It’s phenomenal how virtually nobody listens to what Trump says. There are aspects here consistently being ignored.
.
(1) Sure we easily could flatten Iran, and do away with the problem once and for all. And then [Trump] there will be “91 million people at risk of starving.” Note that an estimated at least 60% are not of the fundamenalist variety. There is no possibility of idenfitying and dispatching only the “extremists” even with a bloody “boots on the ground”.
.
(2) Like it or not, unless and until Iran’s resources can be got elsewhere, a large portion of the world has been freaking out and not actually supportive of the U.S. — or haven’t you noticed? (Nevermind “pennywise, pound foolish” because they are.
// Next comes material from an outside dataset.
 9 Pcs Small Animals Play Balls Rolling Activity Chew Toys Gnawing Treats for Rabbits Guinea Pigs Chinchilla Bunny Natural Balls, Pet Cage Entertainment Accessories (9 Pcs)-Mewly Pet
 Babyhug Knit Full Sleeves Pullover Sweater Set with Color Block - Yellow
That’s how people are. “Eeek my gas prices.”) Thus this “agreement” such as it is has been tantamount to negotiating with huge numbers of nations and economic global consequences.
.
(3) Yes, we could keep all the funds we’re currently controlling that originally belonged to Iran. That would require eternally monitoring and sanctioning countries that have been moving these funds (counterproductive as far as other relations we have with them) as well as [Trump] creating distrust of relationships with U.S. and the dollar.
.
(4) It’s not finished yet. It’s not even a final “contract”. This is an ongoing process. Things are way preferable to how they were before. From whence comes this impatient demand for instant gratification (and to hell with the midterms, not a frivolous concern, either.) The perfect is the enemy of the good.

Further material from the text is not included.